* _Brief_:
Using the records below, give again exactly the lines from the line that contains "Nourison Allur Botanical" through the line that contains "Skænk Kave Home", both ends included, and only those.

* _The data_:
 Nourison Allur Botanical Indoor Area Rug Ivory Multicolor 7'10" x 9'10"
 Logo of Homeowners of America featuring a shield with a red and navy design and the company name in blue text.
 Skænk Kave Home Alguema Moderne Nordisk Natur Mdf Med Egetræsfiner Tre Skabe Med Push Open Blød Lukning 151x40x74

==

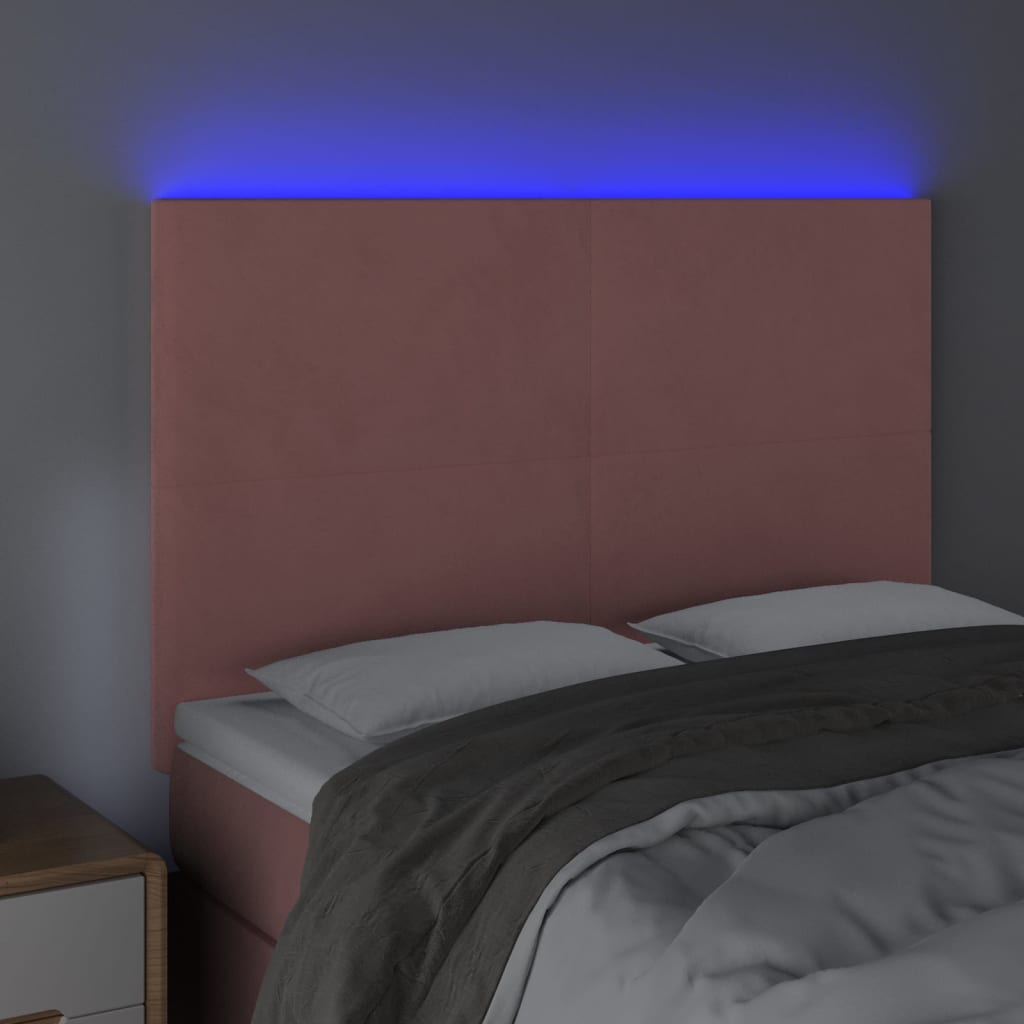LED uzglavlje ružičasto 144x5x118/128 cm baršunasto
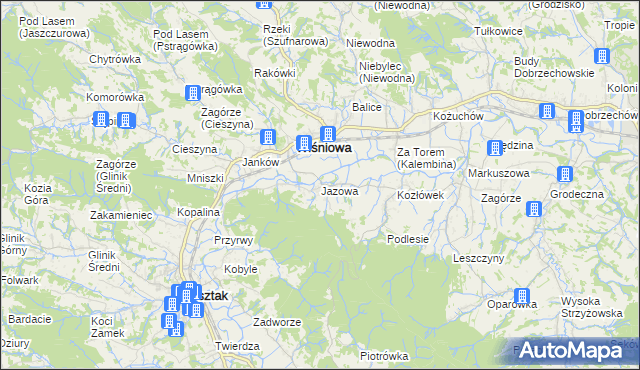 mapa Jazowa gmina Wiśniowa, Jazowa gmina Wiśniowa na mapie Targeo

* _Answer for this exercise_:
 Nourison Allur Botanical Indoor Area Rug Ivory Multicolor 7'10" x 9'10"
 Logo of Homeowners of America featuring a shield with a red and navy design and the company name in blue text.
 Skænk Kave Home Alguema Moderne Nordisk Natur Mdf Med Egetræsfiner Tre Skabe Med Push Open Blød Lukning 151x40x74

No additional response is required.